A sala de criação da agência em que eu trabalho não tem uma janelinha sequer. Na verdade, rola um boato que acharam uma um dia enquanto faziam a limpeza, mas a cobriram com uma persiana que não abre nunca. Imagina… Uma janela! Que audácia! Ou seja, ver a luz do dia ou saber se está caindo o mundo lá fora, nem pensar. Acho que sofro um pouco com isso. Minhas antigas salas, uma dava visão panorâmica de uma das ruas mais movimentadas de Belém (acho que foi por isso que não durei na criação) e a outra eu tinha até uma sacada.
Hoje, compartilhei minha tão amada gripe com todos da sala. Ambiente fechado, não mandei né? Na verdade, eles até cogitaram ser uma vingança minha, depois de já ter sofrido tanto com ar em cima de mim. Enquanto todos suavam com seu clima de 30º eu morria de hipotermia.
Odeio ficar gripada. Já sou lerda por natureza, gripada eu fico irritada, corpo mole e com uma preguiiiiiça. Estou naquela fase da gripe em que a cabeça fica pesando uma tonelada, com olfato inexistente e a voz rouca, a la traveco do Ronaldo Fenômeno, “sááábe, fofa”? Súúúpêêêr sexy, meu.
Trabalhar na criação é legal, apesar de não ser da criação. Sou uma produtora, que parece atendimento com gosto de tamarindo. Aliás, sempre amei todas as salas de criação das agências em que já trabalhei.
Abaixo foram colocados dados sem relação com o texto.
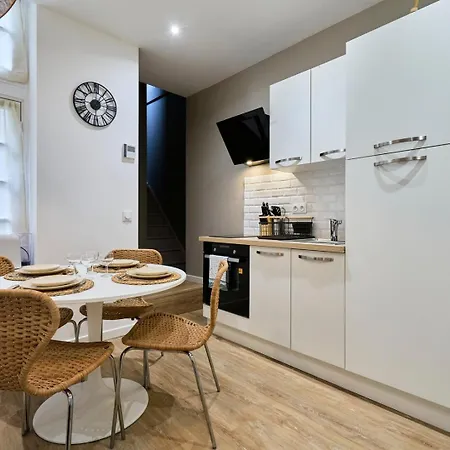 Et Equipe - 2 - Mon Groom Apartment Troyes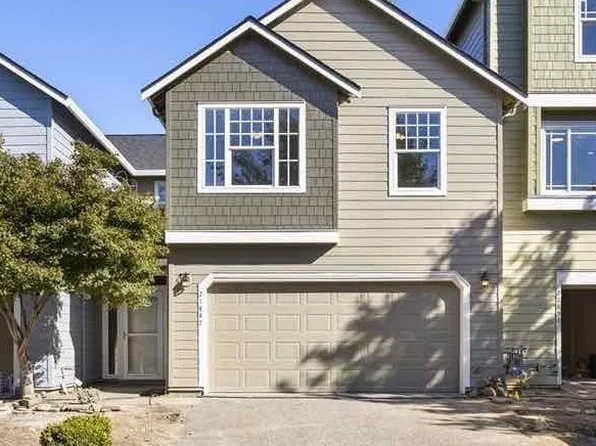 21847 NE Heartwood Cir, Fairview, OR 97024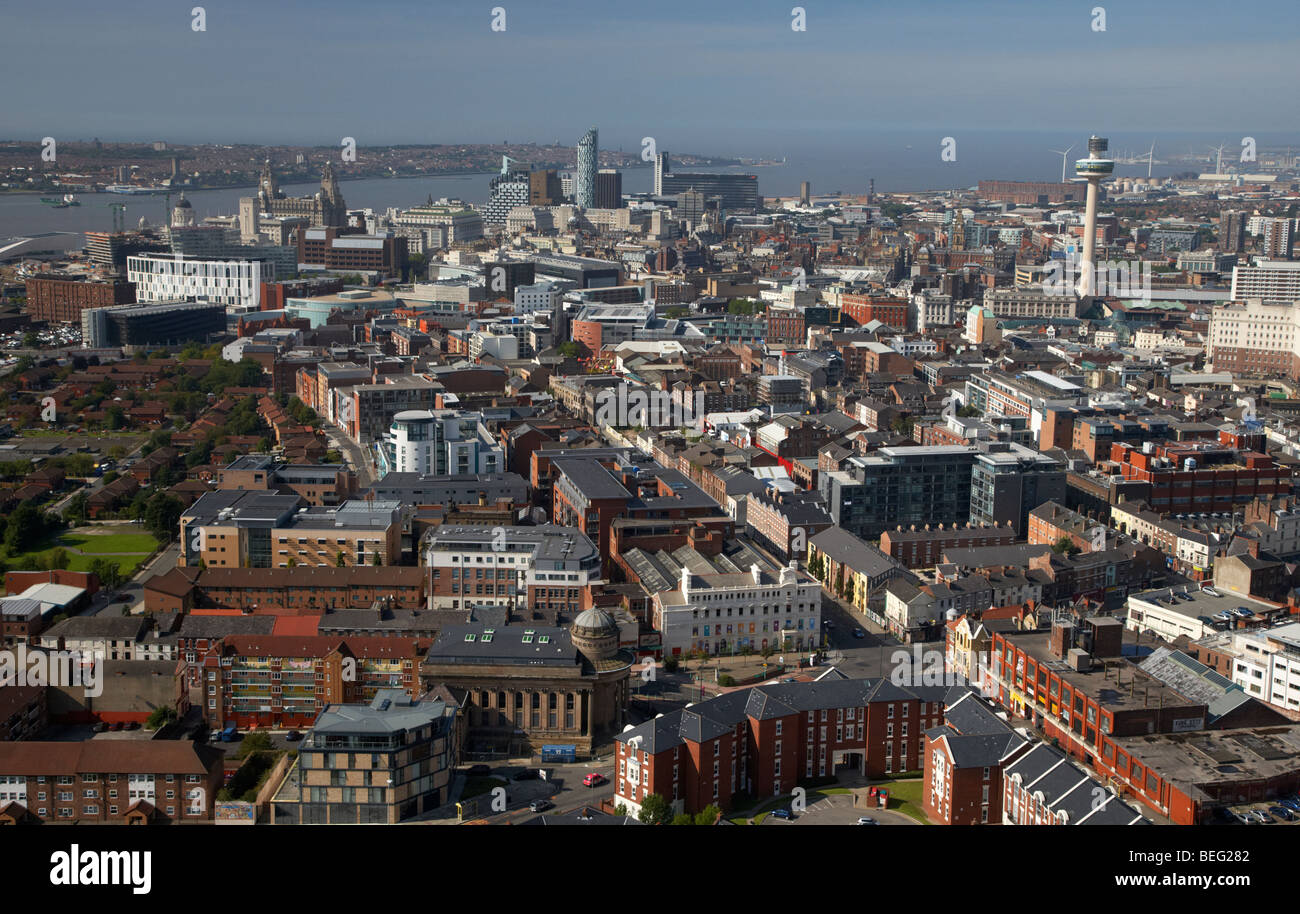 Vue aérienne sur la ville de Liverpool et Merseyside England uk Mersey River Banque D'Images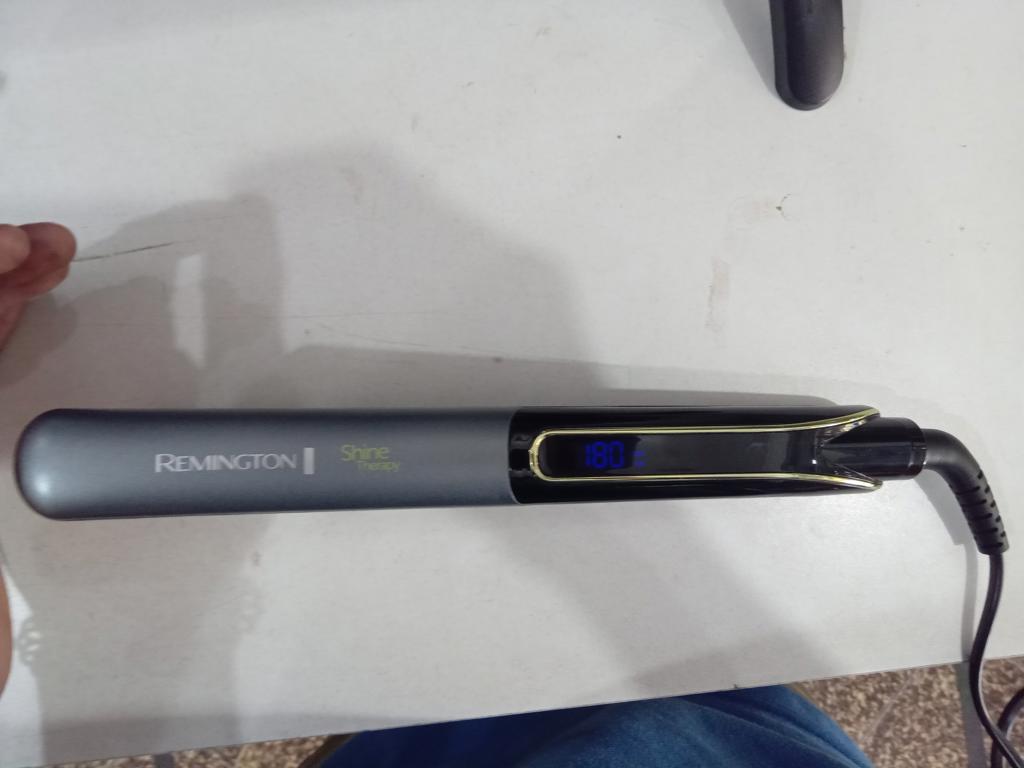 Planchita Para Cabello Marca Remigton Modelo No Tiene Usado En Buen Estado Acc No Tiene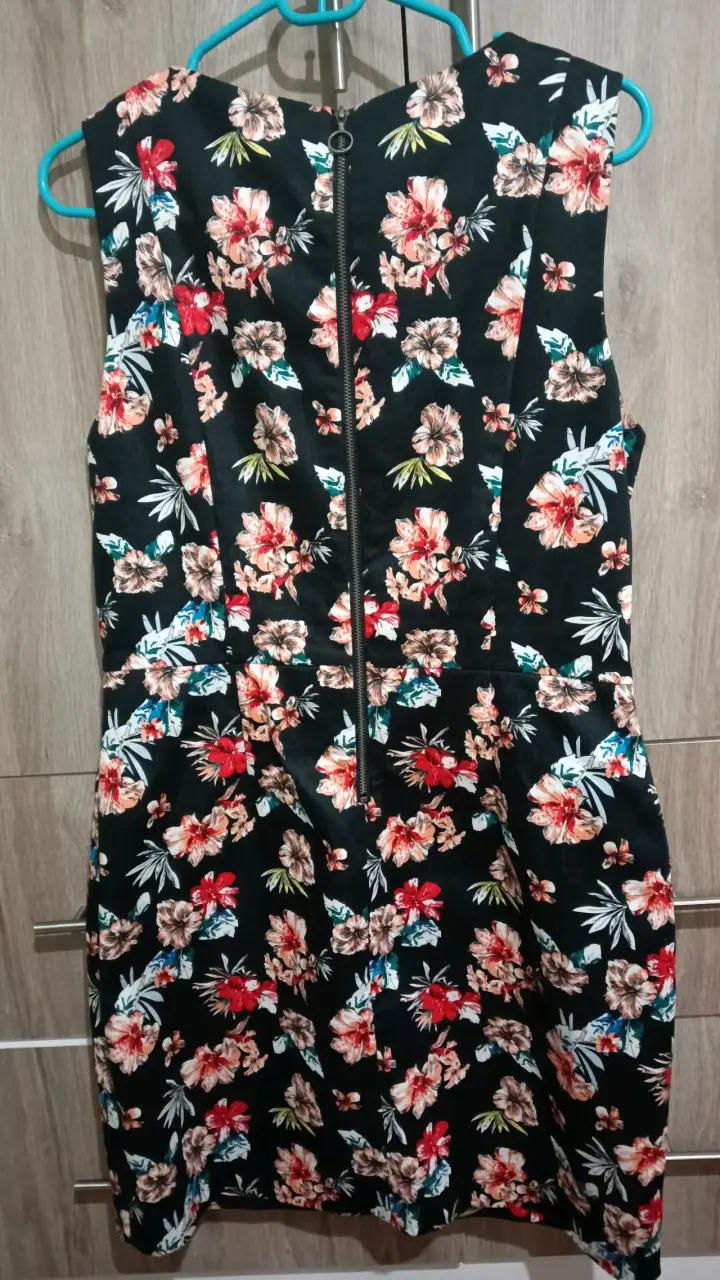 Vestido floral sin mangas con cierre trasero - 1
O primeiro estágio foi numa agência/casa que tinha só dois compartimentos. A sala de criação era gigante, gigante mesmo, até mesmo para três funcionários e uma estagiária bagunceira e dedicada (eu). A outra era menor e entupida. Entupida de pessoas, de tralha, de poeira… Era mais divertida, mas era uma bagunça. Vivia empoeirada e era impossível achar qualquer coisa. Pessoas se perderam ali. Mas, era coberta de janelas por todos os lados. Saudade daquela sala. Adorava entrar lá desesperada cobrando alguma coisa, pedindo o tamanho de algum layout ou só pra bater papo mesmo. No meu recreio do expediente (que eu mesma me auto decretava) eu fugia pra lá. Jogávamos Medal of Honor para se desestressar. Eu, como única mulher, era péssima, mas me viciei rápido.
Trabalhar na criação tem suas vantagens. As salas dos chefes ficam aqui em cima, não precisa ter que ficar subindo escada. O ambiente é legal, sempre rola alguma música (de Amy Winehouse a forró). Mas lógico que tem suas desvantagens. O banheiro feminino fica no primeiro andar, a copa também. O que me contenta é que lá embaixo também não tem muitas janelas. Ainda roubo uma da mídia e trago pra cá.